## About this task
Using only the entries below, output the lines starting at the one containing "sketch of adventure" and ending at the one containing "Vegan Leather Pointed Toe Loafer Flat", exactly and inclusive of both, omitting the pictures.

(Records contained in a dataset)
Segment Open

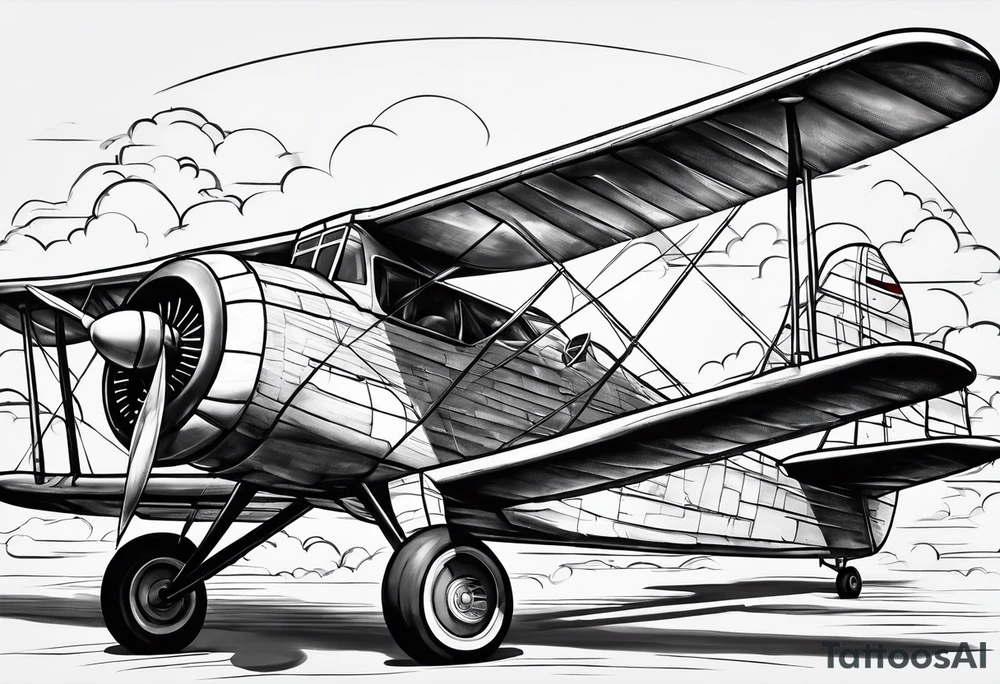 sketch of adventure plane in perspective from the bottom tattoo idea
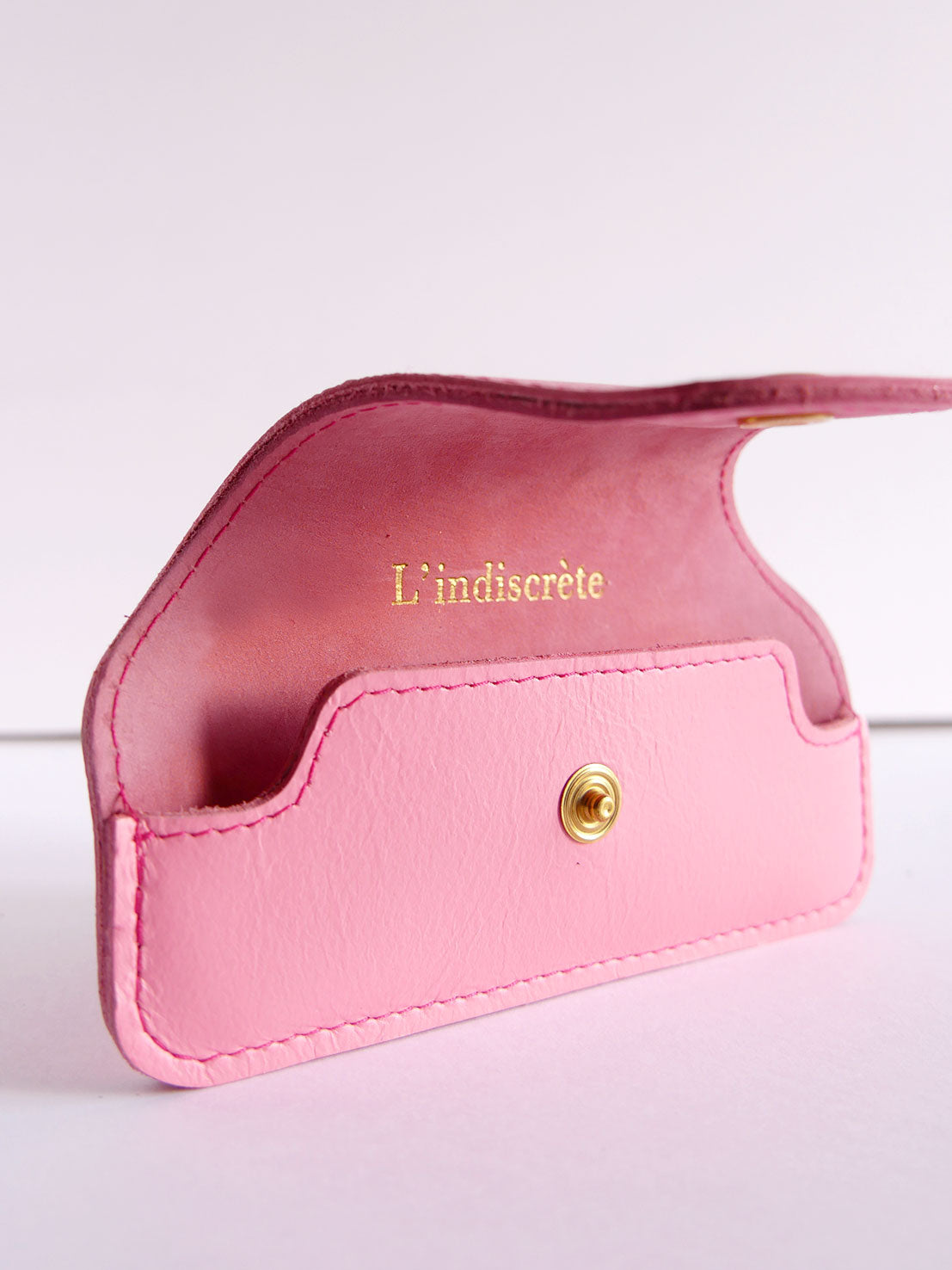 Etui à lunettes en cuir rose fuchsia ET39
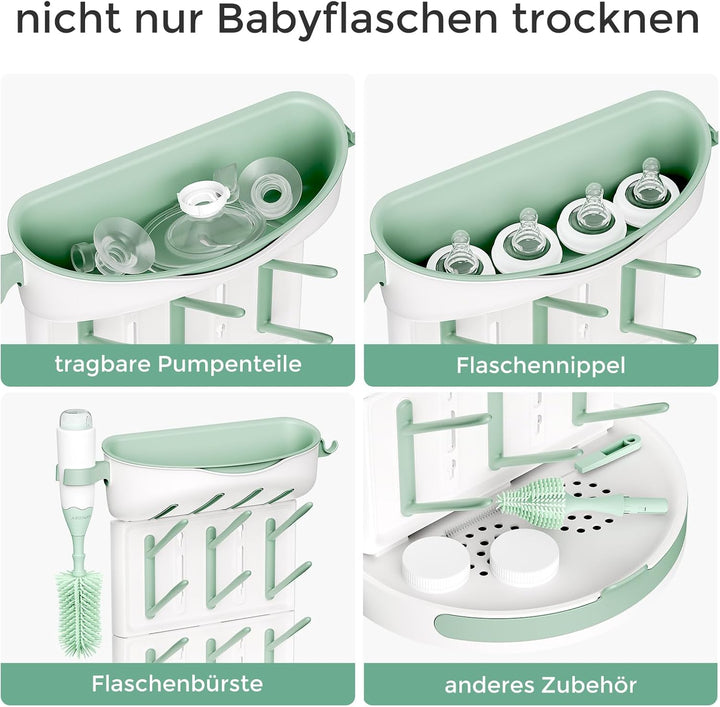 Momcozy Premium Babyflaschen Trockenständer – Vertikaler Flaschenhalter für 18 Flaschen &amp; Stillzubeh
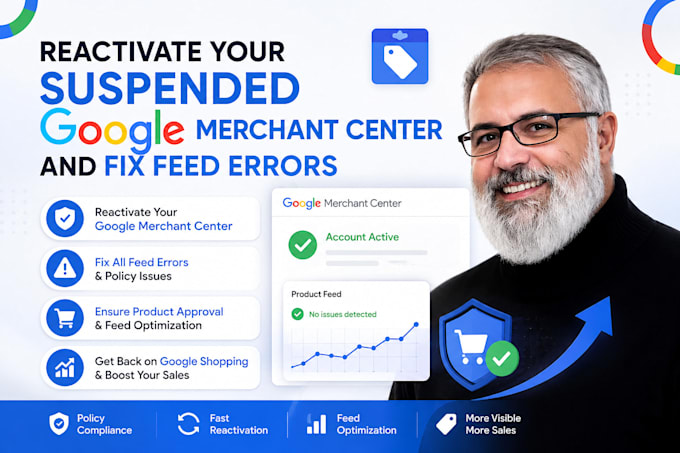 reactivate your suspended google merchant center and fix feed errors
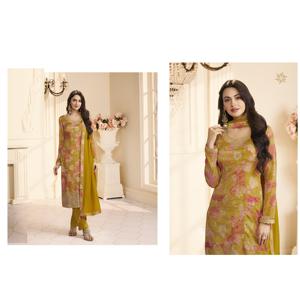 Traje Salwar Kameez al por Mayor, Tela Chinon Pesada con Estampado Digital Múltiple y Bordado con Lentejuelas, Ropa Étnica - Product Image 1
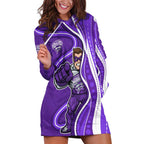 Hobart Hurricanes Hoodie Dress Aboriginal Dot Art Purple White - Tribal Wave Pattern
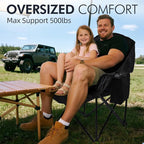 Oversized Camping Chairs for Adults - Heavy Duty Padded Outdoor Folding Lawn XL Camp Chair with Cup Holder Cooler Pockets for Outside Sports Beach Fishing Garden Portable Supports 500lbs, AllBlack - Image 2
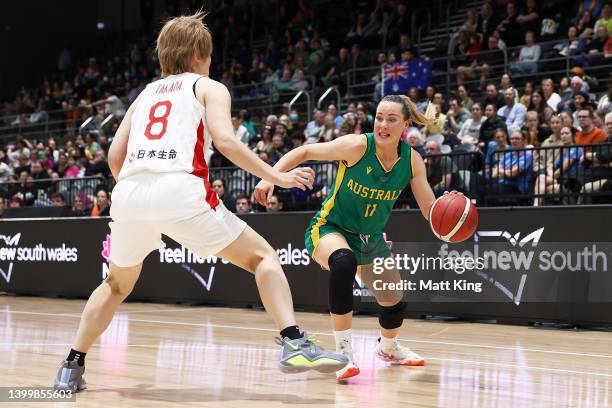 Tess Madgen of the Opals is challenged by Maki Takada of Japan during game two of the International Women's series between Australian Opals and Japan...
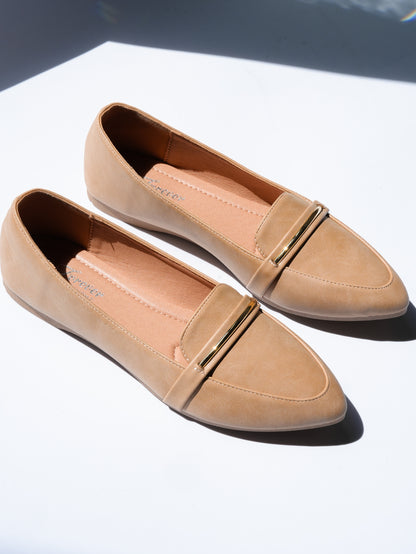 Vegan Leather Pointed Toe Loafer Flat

Segment Closed
Segment Open

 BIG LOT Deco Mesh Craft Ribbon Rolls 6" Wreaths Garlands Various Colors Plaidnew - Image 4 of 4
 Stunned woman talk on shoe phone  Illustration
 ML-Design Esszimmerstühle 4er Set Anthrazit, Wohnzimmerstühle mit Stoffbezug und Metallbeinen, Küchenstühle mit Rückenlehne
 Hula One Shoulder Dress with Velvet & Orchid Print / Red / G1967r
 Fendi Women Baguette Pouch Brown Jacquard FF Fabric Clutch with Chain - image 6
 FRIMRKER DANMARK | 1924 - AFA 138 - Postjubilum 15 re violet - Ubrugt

Segment Closed

## Response to this task
 sketch of adventure plane in perspective from the bottom tattoo idea
 Etui à lunettes en cuir rose fuchsia ET39
 Momcozy Premium Babyflaschen Trockenständer – Vertikaler Flaschenhalter für 18 Flaschen &amp; Stillzubeh
 reactivate your suspended google merchant center and fix feed errors
 Traje Salwar Kameez al por Mayor, Tela Chinon Pesada con Estampado Digital Múltiple y Bordado con Lentejuelas, Ropa Étnica - Product Image 1
 Hobart Hurricanes Hoodie Dress Aboriginal Dot Art Purple White - Tribal Wave Pattern
 Oversized Camping Chairs for Adults - Heavy Duty Padded Outdoor Folding Lawn XL Camp Chair with Cup Holder Cooler Pockets for Outside Sports Beach Fishing Garden Portable Supports 500lbs, AllBlack - Image 2
 Tess Madgen of the Opals is challenged by Maki Takada of Japan during game two of the International Women's series between Australian Opals and Japan...
 Vegan Leather Pointed Toe Loafer Flat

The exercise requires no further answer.